Increased Diffusional Mobility of CFTR at the Plasma Membrane after Deletion of Its C-terminal PDZ Binding Motif

Abstract
The cystic fibrosis transmembrane conductance regulator (CFTR) protein is a cAMP-regulated Cl- channel expressed at the apical plasma membrane. It has been proposed that the C-terminal PDZ binding motif of CFTR is required for its apical membrane targeting and that PDZ-domain interactions may tether CFTR to the actin cytoskeleton via soluble proteins including EBP50/NHERF1 and ezrin. We measured the diffusional mobility of human CFTR in the plasma membrane of Madin-Darby canine kidney cells by photobleaching of green fluorescent protein (GFP)-CFTR chimeras. After bleaching by a focused laser beam, GFP-CFTR fluorescence in the bleached membrane region recovered to ∼90% of its initial level, indicating that nearly all of the CFTR was mobile. The GFP-CFTR diffusion coefficient (D) was 0.99 ± 0.09 × 10-10 cm2/s at 37 °C, similar to that of other membrane proteins. GFP-CFTR diffusion was not altered by protein kinase A or C activators but was blocked by paraformaldehyde and filipin.

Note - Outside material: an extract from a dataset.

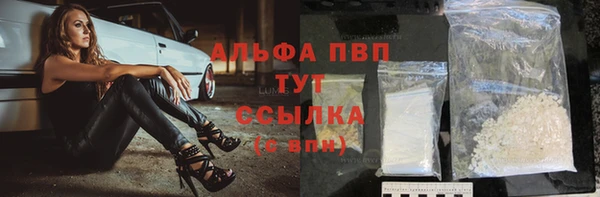 бутират Вязники
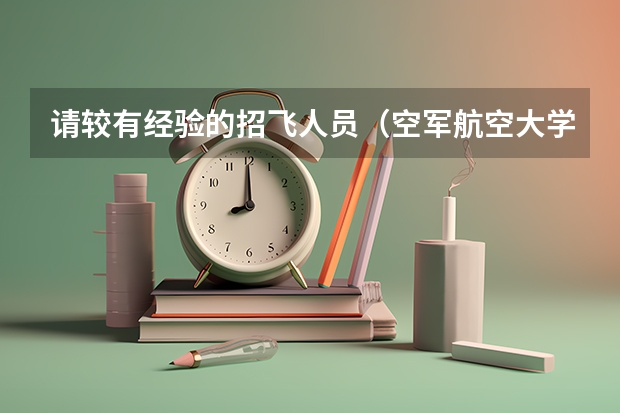 请较有经验的招飞人员（空军航空大学）如果初检和第二轮全面体检都过了，，是不是还需要拿钱去找人找关系（空军招飞复选几天？）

CFTR mutants lacking functional PDZ-binding domains (GFPCFTR-ΔTRL and GFP-CFTR-ΔTRA) were also mobile with D significantly increased by ∼60% compared with GFP-CFTR. However, GFP-CFTR, GFP-CFTR-Δ TRL, and GFP-CFTR-ΔTRA had similar mobilities (D ∼12 × 10-10 cm2/s) at the endoplasmic reticulum in brefeldin A-treated cells. Agents that modulate the actin cytoskeleton (cytochalasin D and jasplakinolide) altered the plasma membrane mobility of CFTR but not CFTR- ΔTRL. EBP50 (NHERF1), a PDZ domain-containing protein that interacts with the C terminus of CFTR, diffused freely in the cytoplasm with a diffusion coefficient of 0.9 ± 0.1 × 10-7 cm2/s. EBP50 diffusion increased by ∼2-fold after deletion of its ezrin-binding domain. These results indicate that wild-type CFTR is not tethered statically at the plasma membrane but that its diffusion is dependent on PDZ-domain interactions and an intact actin skeleton. PDZ-domain interactions of CFTR are thus dynamic and occur on a time scale of seconds or faster.